Optik Koherans Tomografi Anjiyografi (OCTA) Klasik anjiyografiden farklı olarak bu yöntemde vücudunuza herhangi bir ilaç enjekte edilmeden retinanızdaki damar yapıları değerlendirilmektedir.

TEDAVİ

Sarı nokta hastalığının tedavisinde öncelikle önleyici ilerlemeyi durdurucu yaklaşımlar ele alınmalıdır. Bu noktada sigarayı bırakmak, güneşten korunmak, sarı, kırmızı, yeşil renkli pigment içeren taze sebze, meyveleri düzenli tüketmek, balık yemek, vitamin ve mineral desteği almak (özellikle vitamin A, B, E, çinko, selenyum) önerilmekle birlikte ayrıca lutein, omega 3 yağ asitleri de faydalıdır.

Günümüzde sarı nokta tedavisinde farklı yöntemler uygulanmaktadır. Bu yöntemlerin hangisinin uygulanacağı hastalığın tipi, sarı noktaya uzaklığı ve evresi ile yakından alakalıdır.

Erken dönemde uygulanan tedaviler sarı nokta hastalığının ilerlemesini yavaşlatabilir veya durdurabilir.

Kuru tip sarı nokta hastalığının tedavisinde, hastalığın ilerlemesinin yavaşlatılması yönünde uygulanan tek tedavi antioksidan, multivitamin ve mineral desteğidir. Ancak bu destek tedavisi, gelişmiş olan hücre kaybını geri döndüremez. Yine de risk gruplarında bu destek tedavisinin uygulanmasının ileri evre yaşa bağlı makula dejenerasyonu dönüşümünü %25 oranında azalttığı tespit edilmiştir. Son yıllarda ileri evre kuru tip sarı nokta hastalığın da kök hücre tedavisi umut vadetmektedir.

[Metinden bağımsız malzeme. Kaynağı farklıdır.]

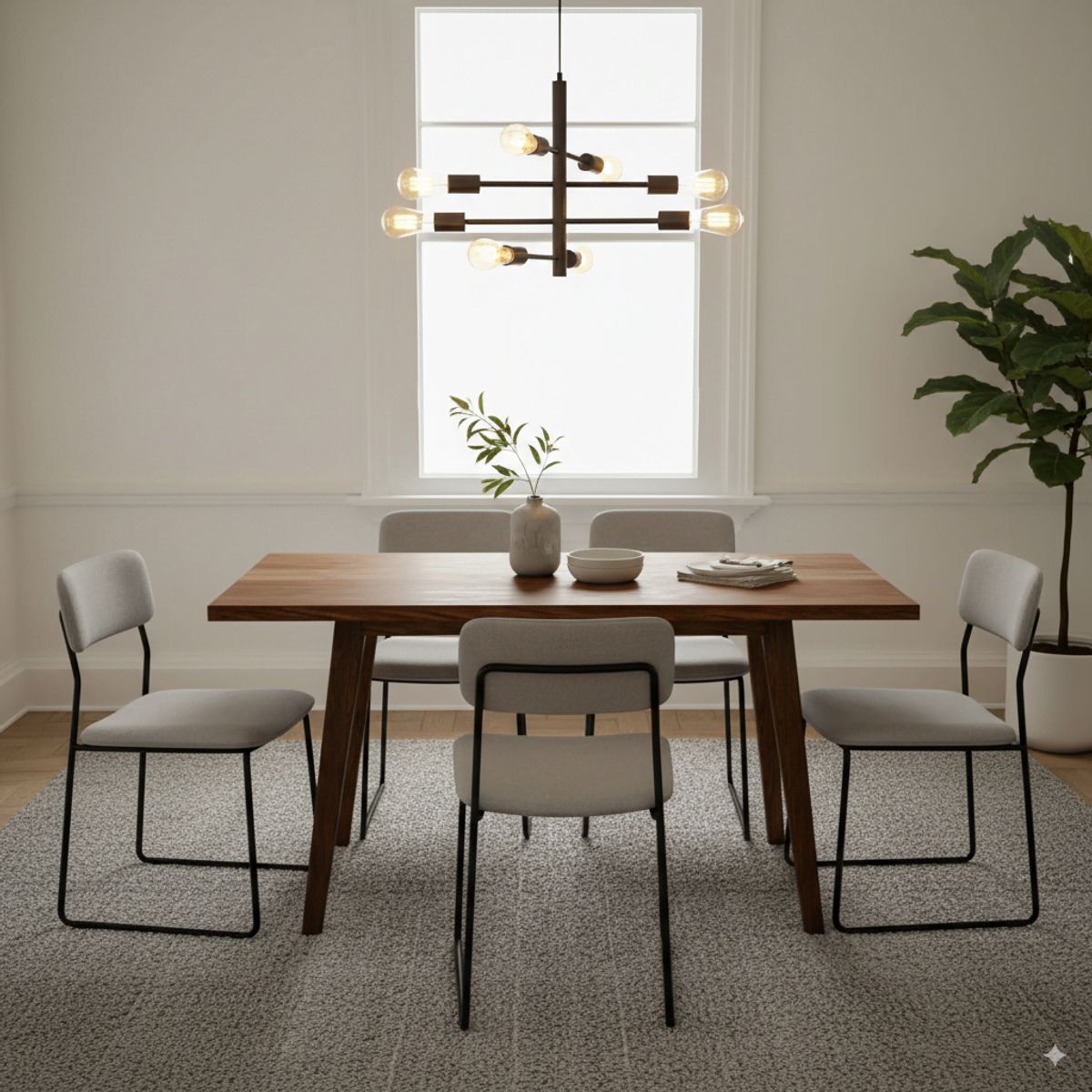 GENERICO - Lámpara de techo, colgante, 8 luces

Yaş tip sarı nokta hastalığının tedavisinde, son yıllarda en büyük gelişme, yeniden damarlanmayı önleyen Anti-VEGF ilaçların göz içi enjeksiyonları olmuştur. Bu ilaçlar, yeniden damarlanmaya engel olurken, bu damarlardan sıvı sızmasını ve kanamaları da engeller. Bu sayede hastaların merkezi görmeleri korunurken, bazı hastalarda görme artışı da sağlanabilmektedir. Sarı nokta hastalığında göz içine birden fazla enjeksiyon yapılması gerekebilir. Özellikle hastalığın ilk yıllarında çok sayıda göz içi enjeksiyonlar gerekebilmekte, aylık kontrollerle hastalar değerlendirilmektedir. Sonraki yıllarda hastalığın aktivasyonu azaldıkça göz içi enjeksiyon sıklıkları da azalabilmektedir. Yaş tip sarı nokta hastalığında eğer ciddi makula altı kanamalar gelişirse pars plana vitrektomi ile retina altına pıhtı eritici ilaçlar uygulayıp göze gaz verilmesini içeren çeşitli cerrahi tedaviler gerekebilmektedir.

 

Göz sağlığı ve hastalıklarıyla ile ilgili merak ettiklerinizi mutlaka doktorunuza danışın.